# King Betta



## mkayum (Jul 5, 2012)

I plan to get a king betta for my good friend's birthday. It's in a few months. 


However.... I have to make sure I get the right supplies for his fish. 

Supplies listed:

1x5 gallon tank

1x a sponge Filter for 25 gallon

1x a bag of white gravel

A few live java ferns

Of course the dechlorinator

Could a king betta be happy in his 5 gallon tank? 

If not, I would get a small plakat for him.


----------



## ngrubich (Aug 1, 2012)

I know a lot of people keep them in 10 gallon tanks, but I have read up on a few people here and there that keep them in a 5 gallon (only fish in the tank).
The only other thing that the betta would absolutely need is food.


----------



## LittleWatty (May 13, 2012)

I have a king in a 3 gallon currently. I plan on putting him in a 10 gallon, but I opt for the larger options for betta tank sizes. All of my regular sized bettas will be in 6.6 gallons. A five might be acceptable, but a plakat would be happier in there than the king, most likely.


----------



## Enkil (Jan 15, 2012)

I have a true giant in half of a 10 gal. They have a heater and regular filter. He's happy, healthy, and active.
Would recommend looking into a hiding place. When I first got my Uther, he just wanted to relax where he was completely hidden. Gave me a couple scares when I couldn't see him.

Also, I recommend larger betta pellets and plenty of frozen/live foods.


----------



## gossipgirl1031 (Dec 7, 2011)

I had my king in a 2.5 to start with & quickly upgraded to a 5 gallon. He was the only fish and seemed pretty happy in there. Lots of hidey spaces-mine was shy. He sure did eat a lot though


----------



## Hallyx (Jun 11, 2011)

They sure do eat a lot...and put out a lot of ammonia. In his 5 gal, I was changing water 50% every other day or so to keep my king's ammonia down below 0.25ppm.

Mkayum,
I didn't see a heater on your list. Many keepers feel that white gravel is stressful.

Are you sure your friend wants---and is ready for--- the responsibility of fishkeeping? If so, I wish you both well...also as the fish.


----------



## gossipgirl1031 (Dec 7, 2011)

I also had to do frequent water changes-he hated them. Had to be done anyway. And yes-heater for sure!


----------



## Meggie6347 (Jun 18, 2012)

My king betta is very happily living in a planted 5.5 gallon :thumbsup:


----------



## MSG (May 8, 2012)

HallX - 2nd time I've noticed you mentioning the white gravel thing. I glad I met a person that's using white gravel, but hers was coated with algae & poo. That was enough to make me scoop all the white gravel and rinsed out the tank before going with mini river rocks.

Mkay - look into a bag of pool filter sand.
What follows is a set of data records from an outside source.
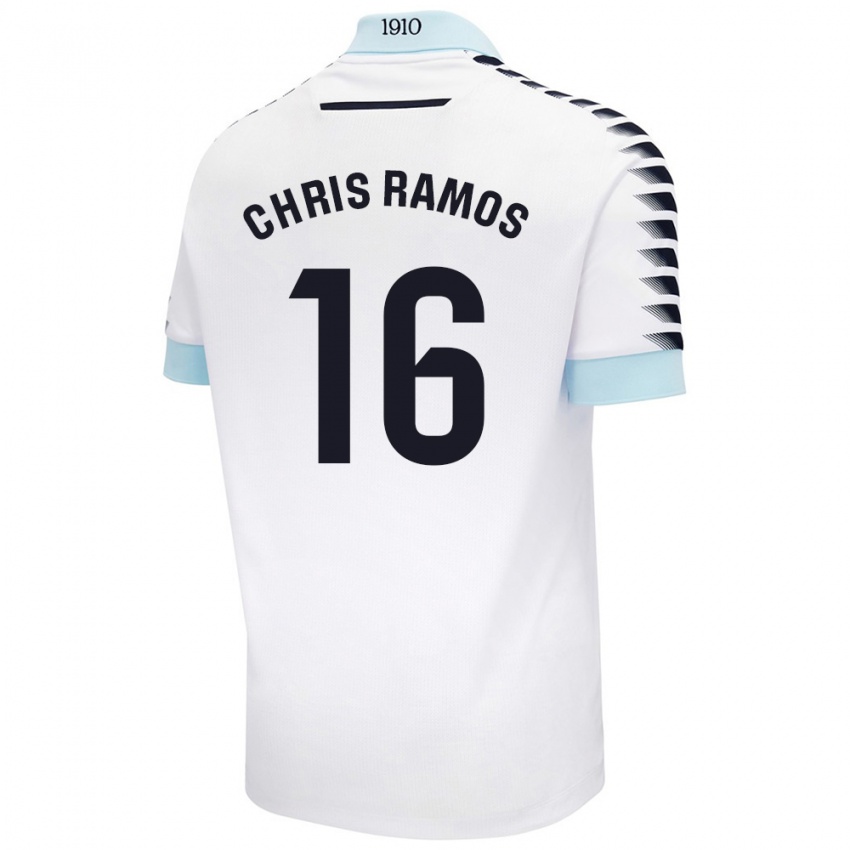 Niño Camiseta Chris Ramos #16 Blanco Azul 2ª Equipación 2024/25 La Camisa México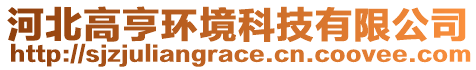 河北高亨環(huán)境科技有限公司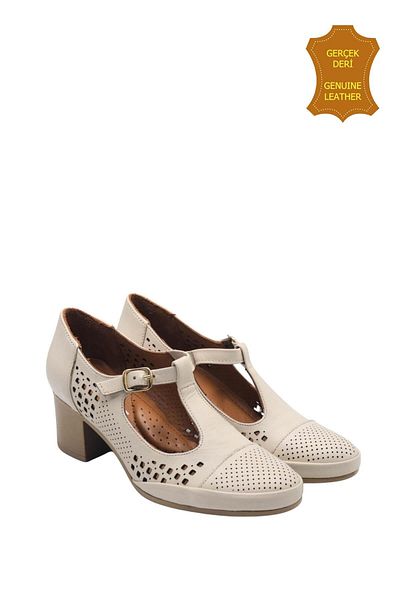 venüs ayakkabı Venus 1911923Y Genuine Leather Anatomical Women's Shoes Beige Ç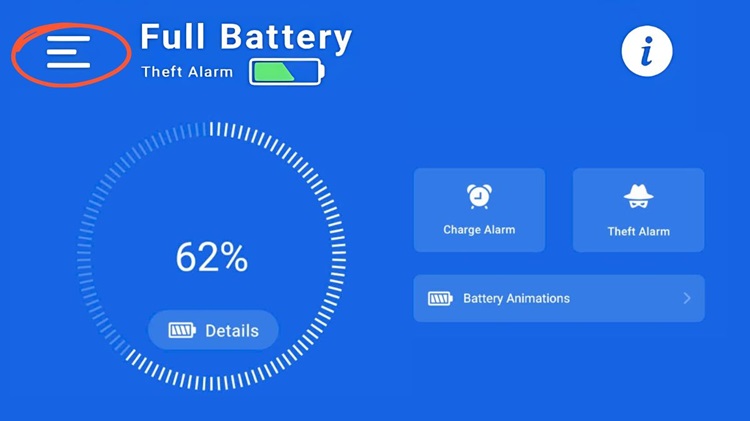 cách cài âm thanh khi sạc pin android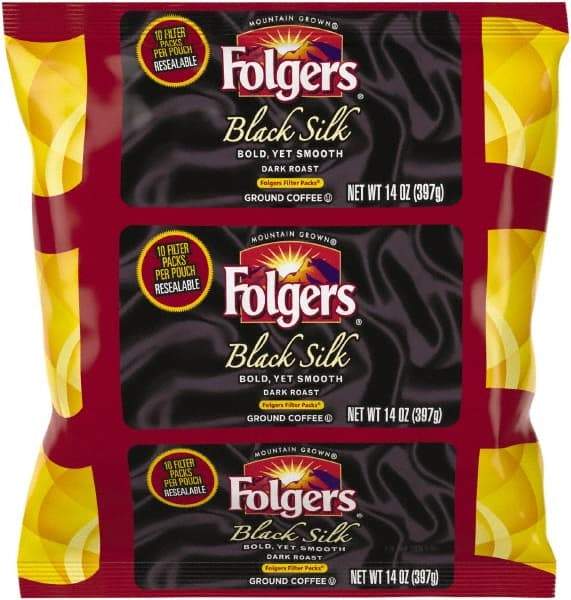 Folgers - Coffee Filter Packs, Black Silk, 1.4 oz Pack, 40 Packs/Carton - Apex Tool & Supply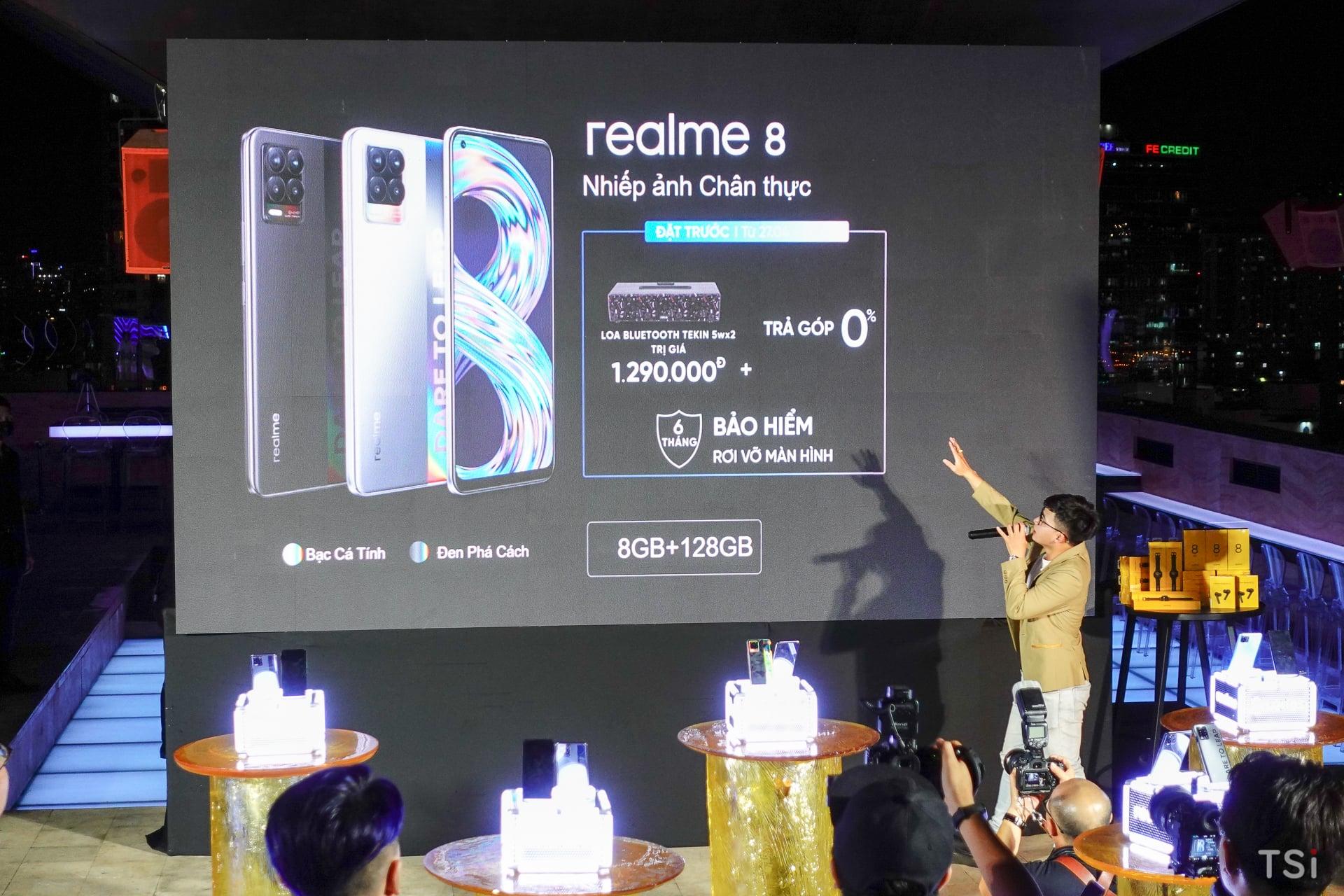 Realme 8 series ra mắt, công bố giá vào ngày 27.4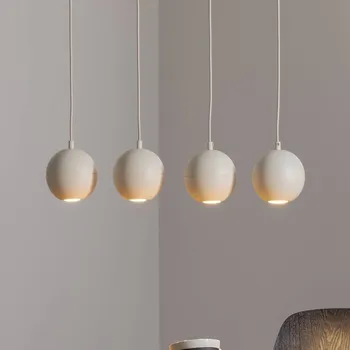 HELam Závěsné svítidlo Midway, 4 světla, podlouhlé, písková barva písek 4 x 4,8 W LED - Doprava zdarma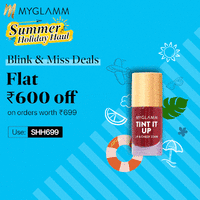  MyGlamm : Flat Rs.600 off on Rs.699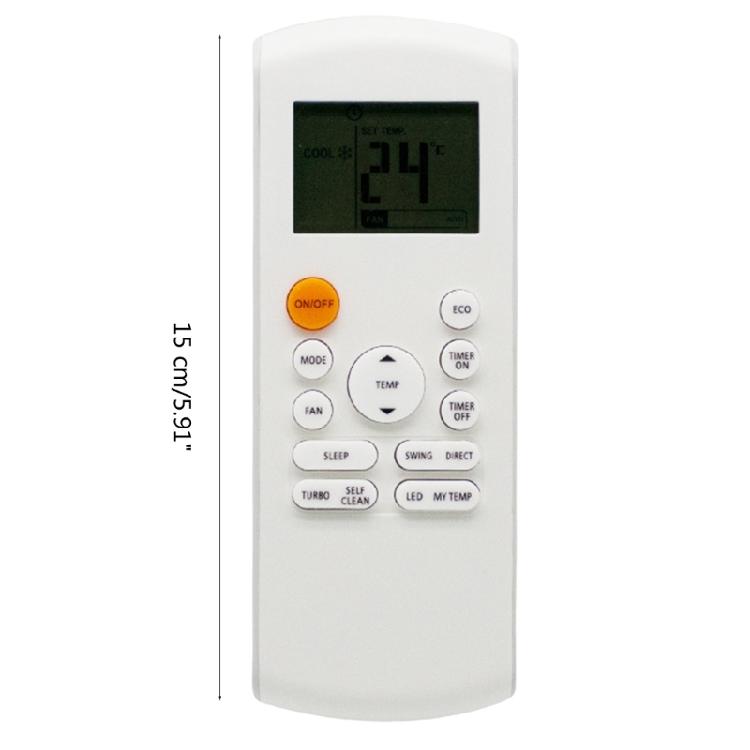 General RG57A7/BGEF RG57A6/BGEFU1 Air Conditioning Remote Control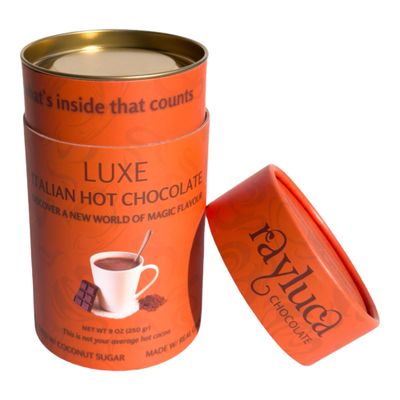 Rayluca Italian Style Hot Chocolate - Plant Based Thick and Creamy 9 oz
I gotta stop by the hardware store to check it out how much they retail for. 

Actually I'll just call ahead.

Heard a 50lb bag is $12-$14

Here's a link to a visual.
http://bestaquariumfilter.org/pool-filter-sand-aquarium


----------



## mkayum (Jul 5, 2012)

Hallyx said:


> They sure do eat a lot...and put out a lot of ammonia. In his 5 gal, I was changing water 50% every other day or so to keep my king's ammonia down below 0.25ppm.
> 
> Mkayum,
> I didn't see a heater on your list. Many keepers feel that white gravel is stressful.
> ...


Me and my friend went to petco and we wanted to look at the betta section. He said that he liked the look of the king betta. It reminds of himself! (my friend's taller and bulky than me lol) 

My friend is prepared to have the responsibility for it because I bought him a veiltail and a 1.5 gallon tank and all the stuff. He changed the water one or two times a week and fed it three times a week. It lived almost a year and but died. I think that veiltail was probably older when I bought him because it has very long and wide tail and also he has this bulky face and the body. His tank is 1.5 gallon and heated up to 78 degrees. I think that heater was Betta Zooo Med something like that.


----------



## mkayum (Jul 5, 2012)

MSG said:


> HallX - 2nd time I've noticed you mentioning the white gravel thing. I glad I met a person that's using white gravel, but hers was coated with algae & poo. That was enough to make me scoop all the white gravel and rinsed out the tank before going with mini river rocks.
> 
> Mkay - look into a bag of pool filter sand. I gotta stop by the hardware store to check it out how much they retail for.
> 
> ...



I meant the Petco white sand. But I might go for pool filter sand. I need it to cover the most floor space of my 20 gallon tank. 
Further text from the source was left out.